New Medium Technologies LLC v. Barco N.V.

242 F.R.D. 460, 68 Fed. R. Serv. 3d 52, 2007 U.S. Dist. LEXIS 32223, 2007 WL 1297111
CourtDistrict Court, N.D. Illinois
DecidedApril 30, 2007
DocketNo. 05 C 5620
StatusPublished
Cited by10 cases

This text of 242 F.R.D. 460 (New Medium Technologies LLC v. Barco N.V.) is published on Counsel Stack Legal Research, covering District Court, N.D. Illinois primary law. Counsel Stack provides free access to over 12 million legal documents including statutes, case law, regulations, and constitutions.

Bluebook
New Medium Technologies LLC v. Barco N.V., 242 F.R.D. 460, 68 Fed. R. Serv. 3d 52, 2007 U.S. Dist. LEXIS 32223, 2007 WL 1297111 (N.D. Ill. 2007).

Opinion

MEMORANDUM OPINION AND ORDER

JEFFREY COLE, United States Magistrate Judge.

INTRODUCTION

[462]*462The plaintiffs have charged the defendants, including Toshiba Corporation ("Toshiba-Japan”) and Toshiba America Corporation (“Toshiba-US”), with infringement of several patents; Toshiba-Japan and Toshiba-US have responded with a counterclaim for a declaratory judgment that they have not infringed the patents-in-suit, and that they are invalid and unenforceable. On March 5, 2007, plaintiffs noticed and served deposition notices pursuant to Fed.R.Civ.P. 30(b)(6) upon Toshiba-Japan and Toshiba-US (collectively “Toshiba”). That precipitated the instant dispute, which appears with increasing frequency given the complexity of modern federal litigation: where should Rule 30(b)(6) depositions of foreign corporations take place.
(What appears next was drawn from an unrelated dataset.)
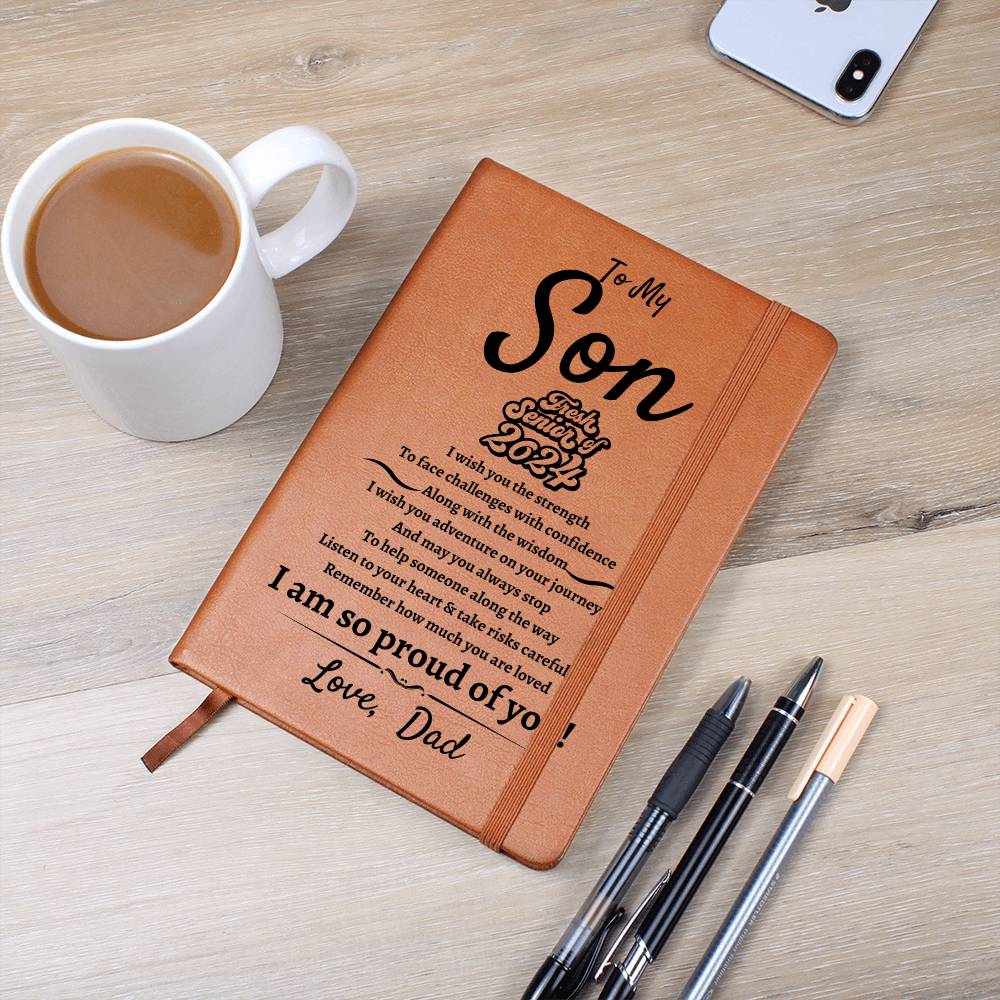 Son | Fresh Senior | Leather Journal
As so often occurs, the parties initially took polar positions, with Toshiba insisting that all the 30(b)(6) witnesses it designated who resided in Japan should be deposed at the American Consulate in Tokyo. With equal inflexibility, the plaintiffs insisted that all those witnesses be deposed in Chicago.1

The plaintiffs salient objection to the depositions taking place in Japan was that the only place they could be conducted was at the American Consulate, which entailed significant and obvious scheduling difficulties, with so many litigants vying for the necessarily limited spaces on the calendar. The plaintiffs also contend that there were significant logistical difficulties in transporting what were described as the very large number of documents that had to be taken to Japan in order to be available for what were described as highly technical and abstruse depositions. Toshiba had a miscellany of objections to Chicago, arguing variously that there was a “presumption” that the depositions should occur in Japan, that the prospective witnesses were too highly placed in the company to be spared for so long a trip and that there was the problem of “serious jet lag.” Indeed, if one were to accept Toshiba’s description, the jet lag bordered on debilitating. Toshiba proposed that the depositions occur in Osaka and/or Hong Kong.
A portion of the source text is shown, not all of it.